Kromer, B. R., Purdue University
Thomson, K. T., Purdue University
Ribeiro, F. H., Purdue University

Methane combustion is a very active area of current research since natural gas is expected to be used more and more as a source of energy in the future. Methane is also attractive because it emits the least amount of CO2 per unit energy of all the hydrocarbons. Many researchers have found palladium based catalysts to be the most promising for the methane combustion reaction. However, many aspects of this reaction, such as the reaction mechanism and the activation of the C-H bond, are not yet well understood. This research focuses on using DFT to help answer these questions.

We have conducted DFT calculations to study the adsorption of various species on two PdO surfaces (100 and 110) with and without oxygen defects. The most interesting results thus far have come from the adsorption of atomic oxygen and carbon on the surface. The most stable configuration for atomic oxygen was found to be on top of a surface oxygen. The stable configuration was not adsorption on the surface Pd atom, as would be intuitively expected. The adsorption energy of this configuration was determined to be -48 kcal/mole. Carbon was found to be the most strongly bound of all the species studied. Carbon has a tendency to displace a surface oxygen and then adsorb in its place. This configuration was determined to have an adsorption energy of -205 kcal/mole.

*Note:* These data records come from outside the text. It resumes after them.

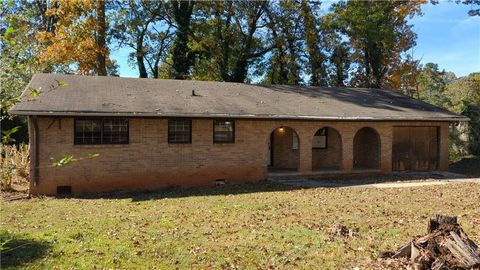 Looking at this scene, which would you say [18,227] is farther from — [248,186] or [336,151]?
[336,151]

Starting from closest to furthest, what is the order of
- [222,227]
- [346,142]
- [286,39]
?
[222,227] → [346,142] → [286,39]

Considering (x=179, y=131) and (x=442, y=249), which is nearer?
(x=442, y=249)

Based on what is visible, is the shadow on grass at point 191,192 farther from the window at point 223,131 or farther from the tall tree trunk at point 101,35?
the tall tree trunk at point 101,35

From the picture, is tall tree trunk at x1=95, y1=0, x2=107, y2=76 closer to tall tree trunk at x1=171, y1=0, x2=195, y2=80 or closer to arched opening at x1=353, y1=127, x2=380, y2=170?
tall tree trunk at x1=171, y1=0, x2=195, y2=80

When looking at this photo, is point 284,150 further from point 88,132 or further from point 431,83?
point 431,83

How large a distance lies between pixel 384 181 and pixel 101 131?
11.0 meters

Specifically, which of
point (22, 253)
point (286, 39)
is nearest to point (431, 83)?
point (286, 39)

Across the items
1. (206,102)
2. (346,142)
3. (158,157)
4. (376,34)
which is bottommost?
(158,157)

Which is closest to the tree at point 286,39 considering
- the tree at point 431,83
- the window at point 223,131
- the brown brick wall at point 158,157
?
the brown brick wall at point 158,157

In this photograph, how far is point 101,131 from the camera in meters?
14.7

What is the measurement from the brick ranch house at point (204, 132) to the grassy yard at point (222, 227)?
53.4 inches

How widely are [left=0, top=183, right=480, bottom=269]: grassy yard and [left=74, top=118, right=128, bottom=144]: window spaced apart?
7.03ft

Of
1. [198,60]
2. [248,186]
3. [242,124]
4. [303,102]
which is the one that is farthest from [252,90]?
[198,60]

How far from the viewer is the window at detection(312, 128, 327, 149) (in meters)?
20.8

Some preliminary studies have also been carried out to determine the route by which methane is activated on the surface of the catalyst. We found two such potential activation mechanisms. The first showed a direct activation pathway in which the resulting species are CH3 bound to a surface Pd and H bound to a surface oxygen. The second pathway occurs when a molecular oxygen was adsorbed on the surface. The resulting species were then CH3 on Pd and OH bound to oxygen. Both activation pathways gave similar activation barriers of about 30 kcal/mole, which is within the range found by various experimental researchers.